Short text fragments from websites:
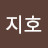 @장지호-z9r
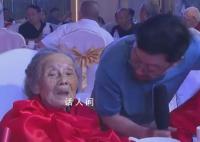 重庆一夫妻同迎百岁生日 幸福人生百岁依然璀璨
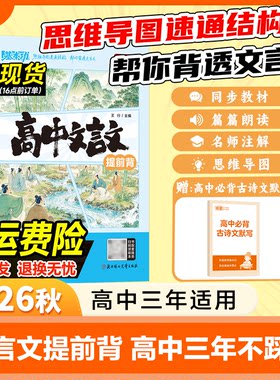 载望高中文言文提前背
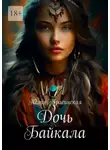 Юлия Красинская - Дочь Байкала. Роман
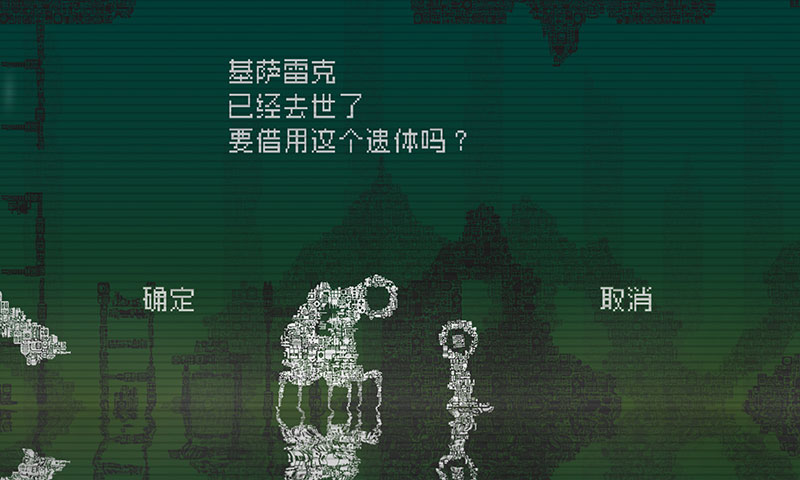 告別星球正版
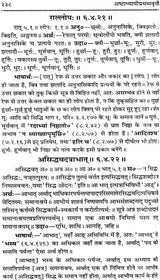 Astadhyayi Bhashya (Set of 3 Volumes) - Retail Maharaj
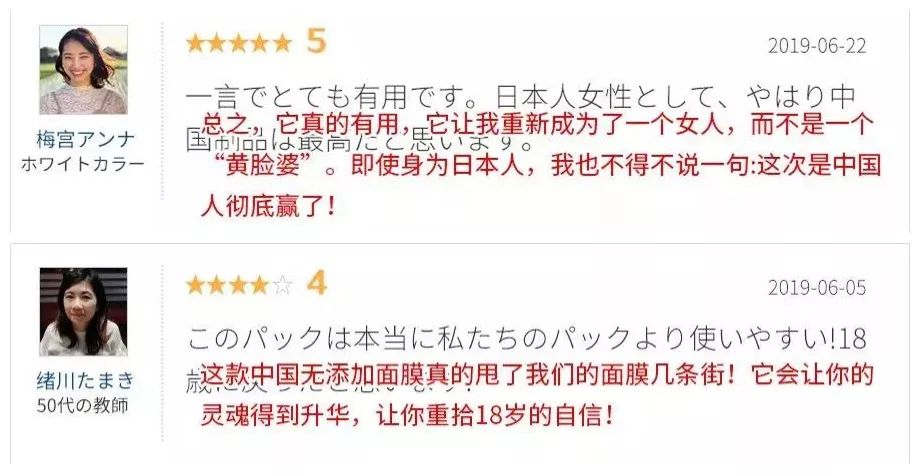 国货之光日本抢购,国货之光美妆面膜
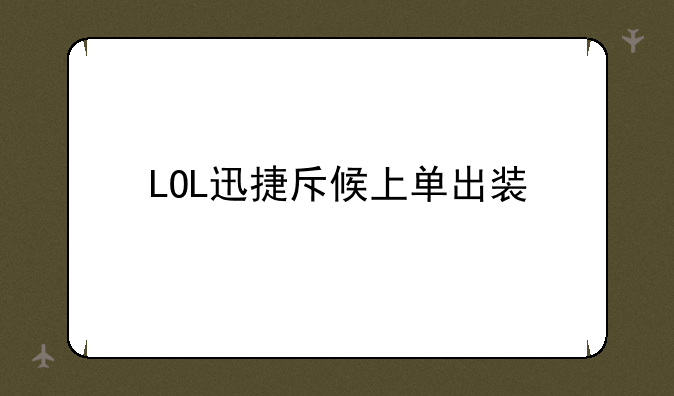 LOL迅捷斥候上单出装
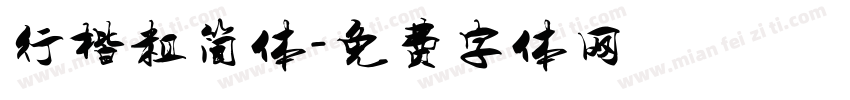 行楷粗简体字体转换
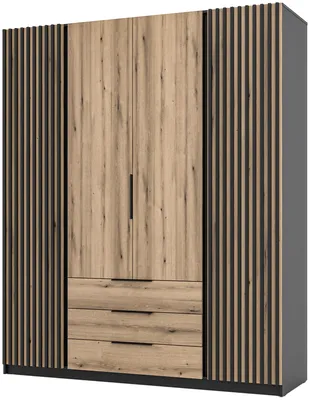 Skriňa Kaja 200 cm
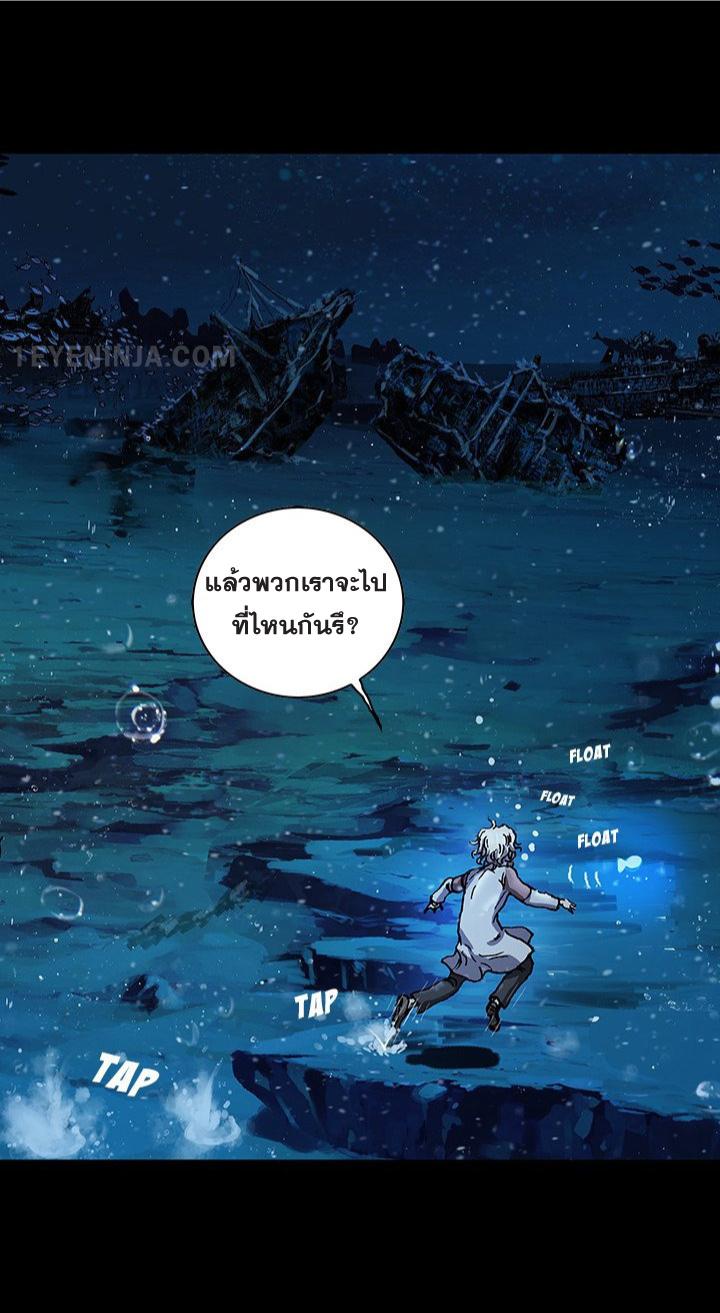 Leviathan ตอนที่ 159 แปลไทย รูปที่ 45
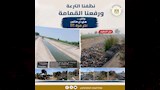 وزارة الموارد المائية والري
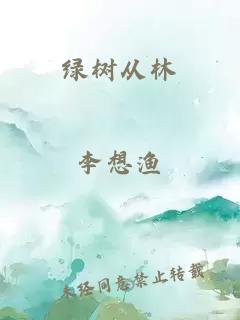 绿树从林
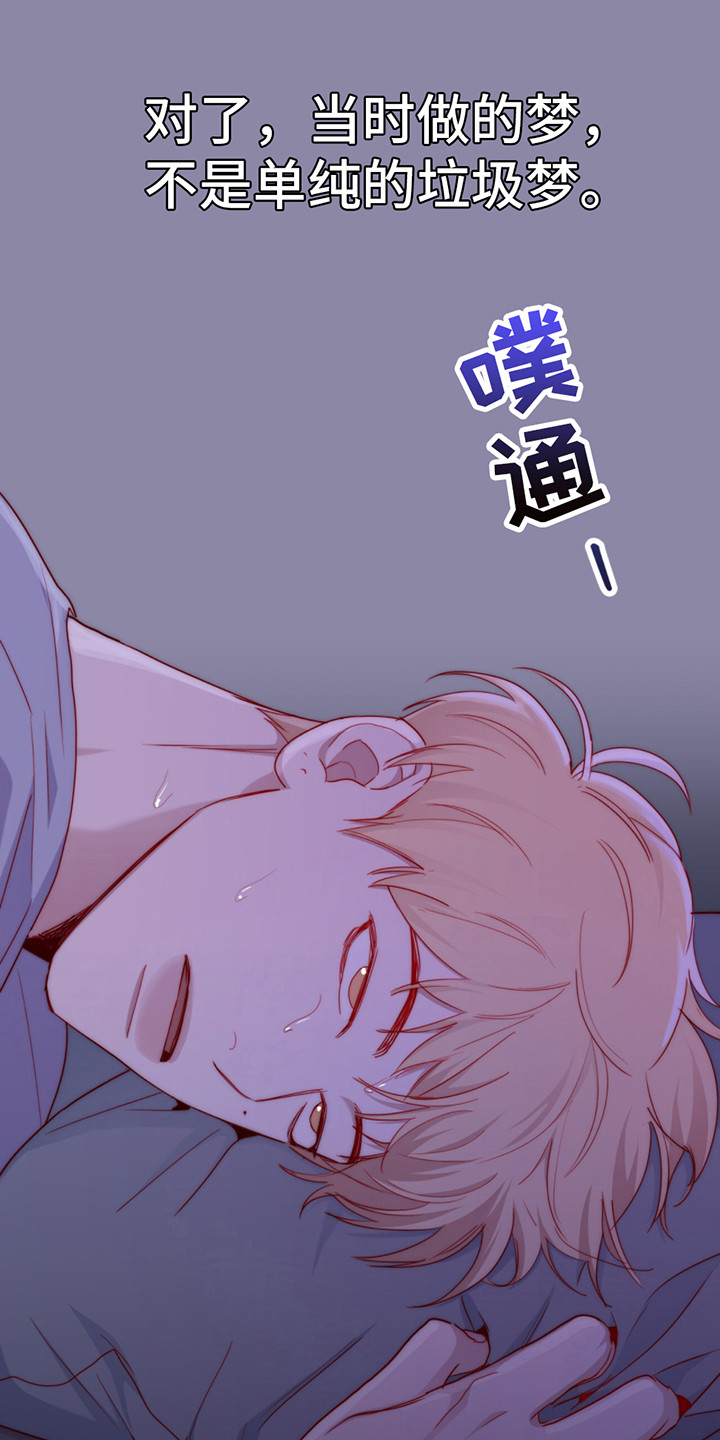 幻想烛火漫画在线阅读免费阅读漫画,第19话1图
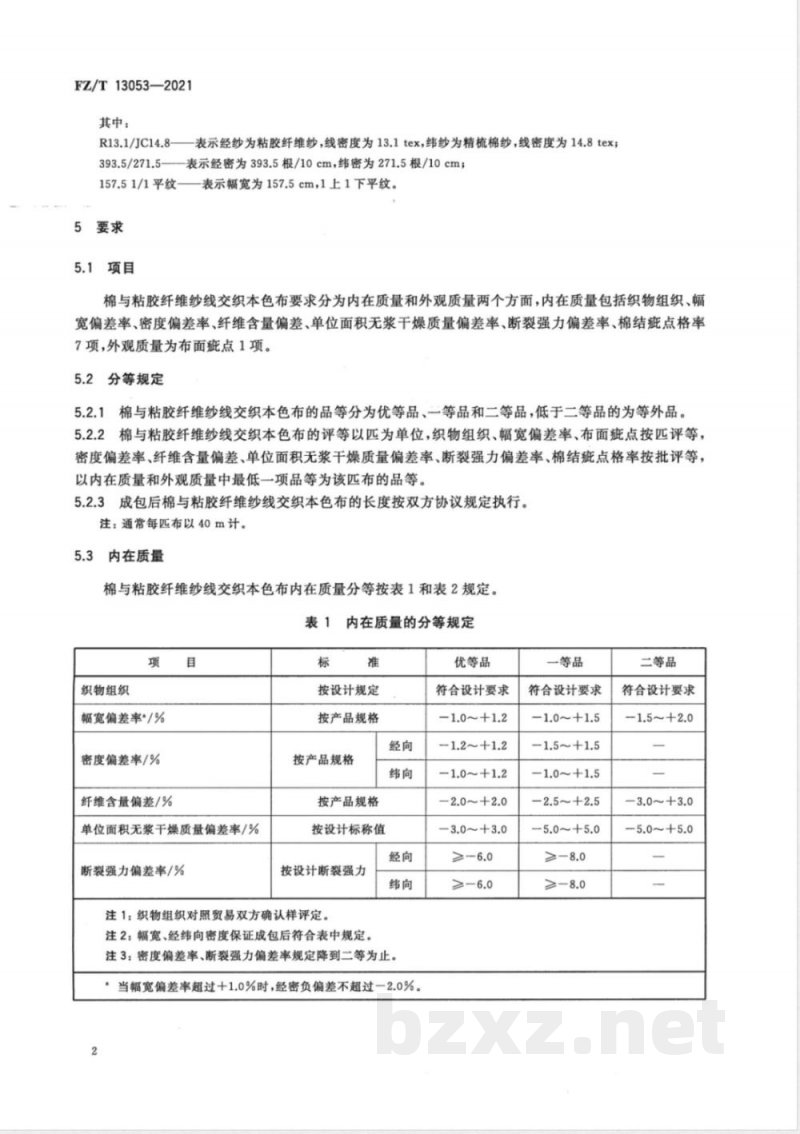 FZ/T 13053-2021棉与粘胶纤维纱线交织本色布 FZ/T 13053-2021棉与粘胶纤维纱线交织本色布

» **YOUR OBJECTIVE**: Return exactly the lines that begin with the one containing "重庆一夫妻同迎百岁生日 幸福人生百岁依然璀璨" and end with the final line of the data above; include no pictures.

» **ANSWER SECTION**:
 重庆一夫妻同迎百岁生日 幸福人生百岁依然璀璨
 载望高中文言文提前背
 Юлия Красинская - Дочь Байкала. Роман
 告別星球正版
 Astadhyayi Bhashya (Set of 3 Volumes) - Retail Maharaj
 国货之光日本抢购,国货之光美妆面膜
 LOL迅捷斥候上单出装
 行楷粗简体字体转换
 Skriňa Kaja 200 cm
 Leviathan ตอนที่ 159 แปลไทย รูปที่ 45
 وزارة الموارد المائية والري
 绿树从林
 幻想烛火漫画在线阅读免费阅读漫画,第19话1图
 FZ/T 13053-2021棉与粘胶纤维纱线交织本色布 FZ/T 13053-2021棉与粘胶纤维纱线交织本色布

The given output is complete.